ENSIPEDIA.ID, KENDAL – Kelangkaan minyak goreng yang sempat terjadi beberapa bulan lalu perlahan-lahan menemui jalan keluar dan tokoh dibaliknya.
Kejaksaan Agung (Kejagung) menetapkan Direktur Jenderal Perdagangan Luar Negeri Kementerian Perdagangan (Dirjen Daglu Kemendag) sebagai tersangka kasus dugaan korupsi pemberian fasilitas ekspor minyak goreng. Ia merupakan pria berinisial IWW bersama 3 orang lain dari pihak swasta.
Jaksa Agung ST Burhanuddin menjelaskan langsung nama-nama para tersangka itu.
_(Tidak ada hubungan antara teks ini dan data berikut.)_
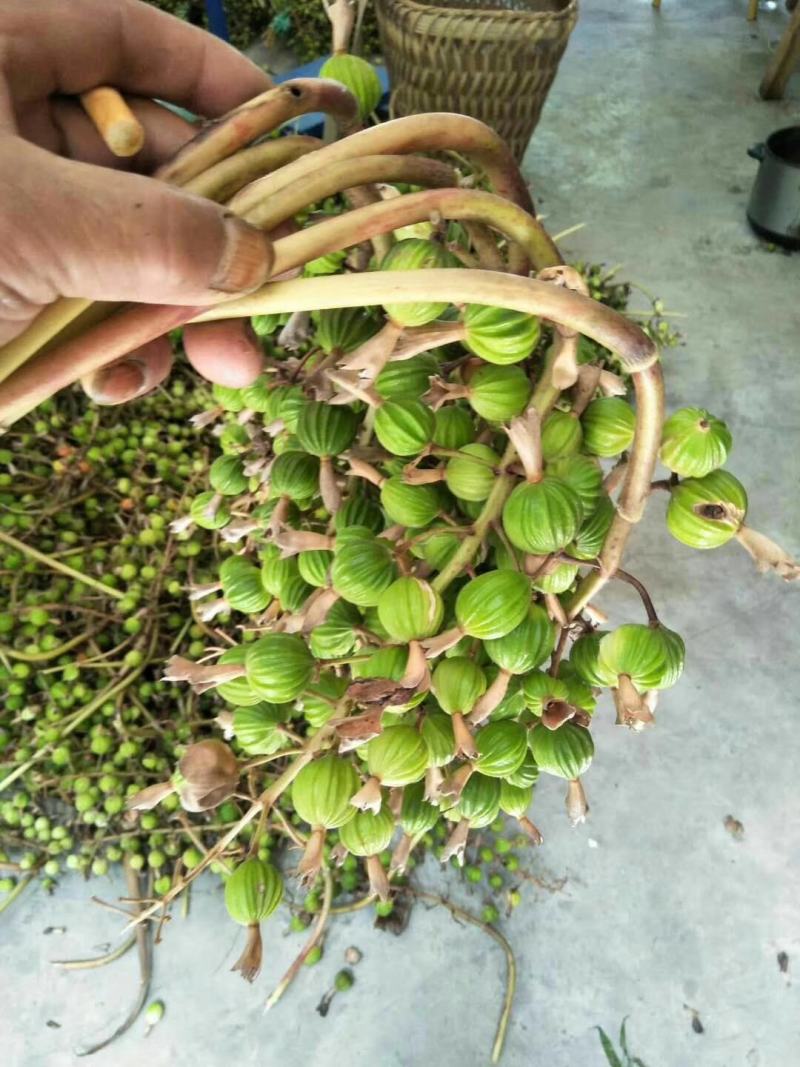 香砂芢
Ia juga menyebut negara mengalami kerugian ekonomi yang besar.
“Perbuatan para tersangka tersebut mengakibatkan timbulnya kerugian perekonomian negara atau mengakibatkan kemahalan serta kelangkaan minyak goreng sehingga terjadi penurunan konsumsi rumah tangga dan industri kecil yang menggunakan minyak goreng dan menyulitkan kehidupan rakyat,” kata Burhanuddin di kantornya, Jalan Sultan Hasanuddin, Jakarta Selatan, Selasa (19/4/2022).
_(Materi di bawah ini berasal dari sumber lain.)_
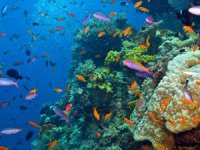 Büyük Set Resifi'nde mercan popülasyonu 36 yılın en yüksek düzeyine ulaştı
Selain IWW, 3 orang dari pihak swasta yaitu:
– MPT selaku Komisaris PT Wilmar Nabati Indonesia
– SMA selaku Senior Manager Corporate Affair Permata Hijau Grup (PHG)
– PT selaku General Manager di Bagian General Affair PT Musim Mas
Dalam keterangan pers, Burhan menyebutkan nama lengkap para tersangka, yaitu Indrasari Wisnu Wardhana (IWW), Master Parulian Tumanggor (MPT) selaku Komisaris PT Wilmar Nabati Indonesia, Stanley MA (SMA) selaku Senior Manager Corporate Affair Permata Hijau Grup (PHG), dan Picare Togare Sitanggang (PT) selaku General Manager di Bagian General Affair PT Musim Mas.
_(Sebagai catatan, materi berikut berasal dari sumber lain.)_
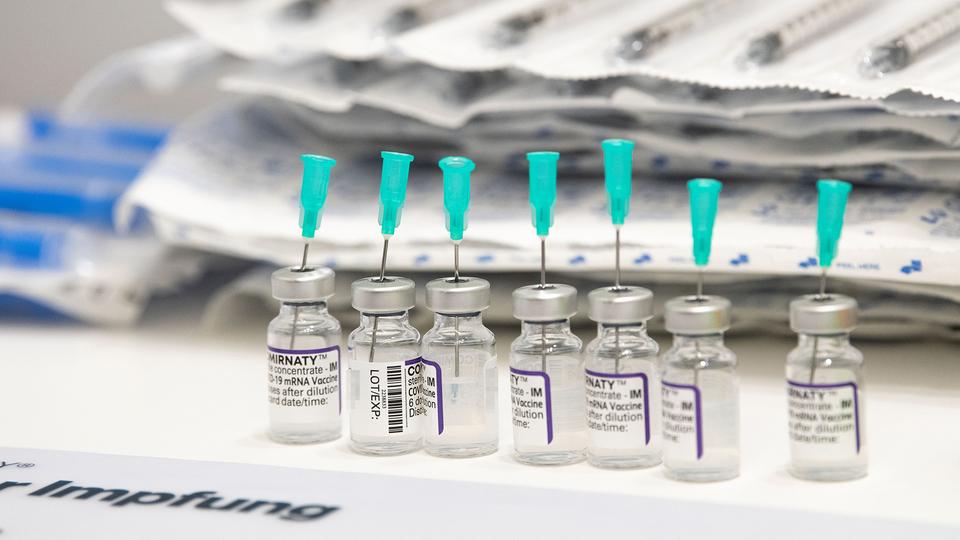 Campaña de vacunación: no funcionará sin veterinarios y farmacéuticos |  hessenschau.de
Dilansir dari detik.com, menurut Burhanuddin, awalnya pada akhir 2021 terjadi kelangkaan dan kenaikan harga minyak goreng di pasar yang membuat pemerintah melalui Kemendag mengambil kebijakan untuk menetapkan DMO atau domestic market obligation dan DPO atau domestic price obligation bagi perusahaan yang ingin melaksanakan ekspor CPO dan produk turunannya. Selain itu, Kemendag menetapkan harga eceran tertinggi (HET) minyak goreng sawit.
“Dalam pelaksanaannya perusahaan ekportir tidak memenuhi DPO namun tetap mendapatkan persetujuan ekspor dari pemerintah,” salin Burhanuddin.
Burhanuddin menuturkan mereka melakukan pelanggaran hukum, di antaranya:
1. Adanya permufakatan antara pemohon dan pemberi izin dalam proses penerbitan persetujuan ekspor;
2. Dikeluarkannya persetujuan ekspor kepada eksportir yang seharusnya ditolak izinnya karena tidak memenuhi syarat yaitu:
a. Mendistribusikan CPO atau RBD Palm Olein tidak sesuai dengan harga penjualan dalam negeri (DPO);
b. Tidak mendistribusikan CPO dan RBD Palm Olein ke dalam negeri sebagaimana kewajiban yang ada dalam DMO (20% dari total ekspor).
Para tersangka diduga melanggar Pasal 54 ayat (1) huruf a dan ayat (2) huruf a, b, e, dan f Undang-undang Nomor 7 Tahun 2014 tentang Perdagangan.